• **WHAT IS NEEDED**: Say how many lines in the records hold "Blue". Nothing but the number should be given.

Top of SUPPLIED DATA

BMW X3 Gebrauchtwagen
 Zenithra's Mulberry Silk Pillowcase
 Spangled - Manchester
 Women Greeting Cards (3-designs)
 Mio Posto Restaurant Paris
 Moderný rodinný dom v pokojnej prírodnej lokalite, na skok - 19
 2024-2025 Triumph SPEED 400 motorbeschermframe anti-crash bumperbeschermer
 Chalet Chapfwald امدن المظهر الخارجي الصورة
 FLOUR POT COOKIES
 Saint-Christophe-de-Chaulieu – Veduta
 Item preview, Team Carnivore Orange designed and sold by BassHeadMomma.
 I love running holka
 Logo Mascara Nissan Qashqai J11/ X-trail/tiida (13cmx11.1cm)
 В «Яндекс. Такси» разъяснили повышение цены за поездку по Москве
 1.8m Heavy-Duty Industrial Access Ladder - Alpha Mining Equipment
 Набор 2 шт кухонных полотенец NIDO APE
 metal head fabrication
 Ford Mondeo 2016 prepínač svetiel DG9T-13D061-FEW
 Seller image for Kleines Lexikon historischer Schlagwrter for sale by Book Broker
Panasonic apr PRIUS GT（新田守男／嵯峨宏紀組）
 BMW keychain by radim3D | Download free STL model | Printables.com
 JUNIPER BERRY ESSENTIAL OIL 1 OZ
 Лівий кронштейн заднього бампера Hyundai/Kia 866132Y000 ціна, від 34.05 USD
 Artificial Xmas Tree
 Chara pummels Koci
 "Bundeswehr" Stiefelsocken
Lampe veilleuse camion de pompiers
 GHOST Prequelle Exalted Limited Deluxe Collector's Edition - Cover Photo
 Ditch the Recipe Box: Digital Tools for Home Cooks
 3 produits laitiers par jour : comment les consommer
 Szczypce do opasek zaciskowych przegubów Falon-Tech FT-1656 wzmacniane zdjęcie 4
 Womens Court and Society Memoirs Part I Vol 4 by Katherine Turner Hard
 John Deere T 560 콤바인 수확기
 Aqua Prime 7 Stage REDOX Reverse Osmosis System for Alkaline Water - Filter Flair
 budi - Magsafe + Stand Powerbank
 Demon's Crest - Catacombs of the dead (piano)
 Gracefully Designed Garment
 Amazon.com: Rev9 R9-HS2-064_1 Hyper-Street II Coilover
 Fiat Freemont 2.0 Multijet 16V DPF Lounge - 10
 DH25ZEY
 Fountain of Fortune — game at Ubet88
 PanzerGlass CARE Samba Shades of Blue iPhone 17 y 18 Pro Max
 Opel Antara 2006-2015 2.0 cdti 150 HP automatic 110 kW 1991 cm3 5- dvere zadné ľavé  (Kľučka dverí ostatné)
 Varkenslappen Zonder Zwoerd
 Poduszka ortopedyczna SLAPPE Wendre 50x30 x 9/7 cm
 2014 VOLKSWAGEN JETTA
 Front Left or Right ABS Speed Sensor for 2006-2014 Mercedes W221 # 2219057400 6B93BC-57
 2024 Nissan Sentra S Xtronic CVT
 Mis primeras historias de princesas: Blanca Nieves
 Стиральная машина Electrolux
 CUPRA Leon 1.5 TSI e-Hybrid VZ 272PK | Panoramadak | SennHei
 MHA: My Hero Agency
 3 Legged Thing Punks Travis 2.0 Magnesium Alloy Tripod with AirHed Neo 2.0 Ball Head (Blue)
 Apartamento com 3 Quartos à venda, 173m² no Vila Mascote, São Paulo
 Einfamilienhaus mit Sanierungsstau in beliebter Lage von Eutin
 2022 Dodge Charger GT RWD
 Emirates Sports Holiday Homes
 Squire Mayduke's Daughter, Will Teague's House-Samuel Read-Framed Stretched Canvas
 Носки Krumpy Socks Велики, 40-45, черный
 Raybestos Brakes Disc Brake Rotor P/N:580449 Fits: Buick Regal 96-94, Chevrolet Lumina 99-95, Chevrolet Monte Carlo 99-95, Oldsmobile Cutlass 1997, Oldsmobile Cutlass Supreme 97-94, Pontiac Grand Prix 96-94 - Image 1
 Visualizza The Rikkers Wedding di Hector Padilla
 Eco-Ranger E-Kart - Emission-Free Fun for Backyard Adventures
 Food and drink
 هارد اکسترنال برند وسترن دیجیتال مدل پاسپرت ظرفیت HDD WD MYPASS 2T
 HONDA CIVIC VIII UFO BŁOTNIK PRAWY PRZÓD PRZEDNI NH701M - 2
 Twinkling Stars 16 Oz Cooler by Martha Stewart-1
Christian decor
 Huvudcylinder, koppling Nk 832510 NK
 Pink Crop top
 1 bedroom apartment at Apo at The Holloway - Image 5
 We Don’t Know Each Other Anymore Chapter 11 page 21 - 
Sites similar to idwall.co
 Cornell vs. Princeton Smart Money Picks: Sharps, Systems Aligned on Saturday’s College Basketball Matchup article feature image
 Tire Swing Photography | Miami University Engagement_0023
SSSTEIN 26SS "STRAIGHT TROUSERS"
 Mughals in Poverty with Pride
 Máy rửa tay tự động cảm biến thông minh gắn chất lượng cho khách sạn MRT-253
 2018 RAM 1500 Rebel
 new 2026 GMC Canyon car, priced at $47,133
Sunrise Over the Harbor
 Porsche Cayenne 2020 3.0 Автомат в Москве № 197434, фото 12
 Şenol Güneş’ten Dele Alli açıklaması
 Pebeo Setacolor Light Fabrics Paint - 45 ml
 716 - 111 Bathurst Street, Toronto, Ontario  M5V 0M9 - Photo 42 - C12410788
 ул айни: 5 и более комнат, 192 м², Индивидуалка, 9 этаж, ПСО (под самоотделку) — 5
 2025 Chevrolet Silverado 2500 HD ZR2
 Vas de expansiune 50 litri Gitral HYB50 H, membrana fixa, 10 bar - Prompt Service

Bottom of SUPPLIED DATA

• **SOLUTION TO THIS TASK**: 2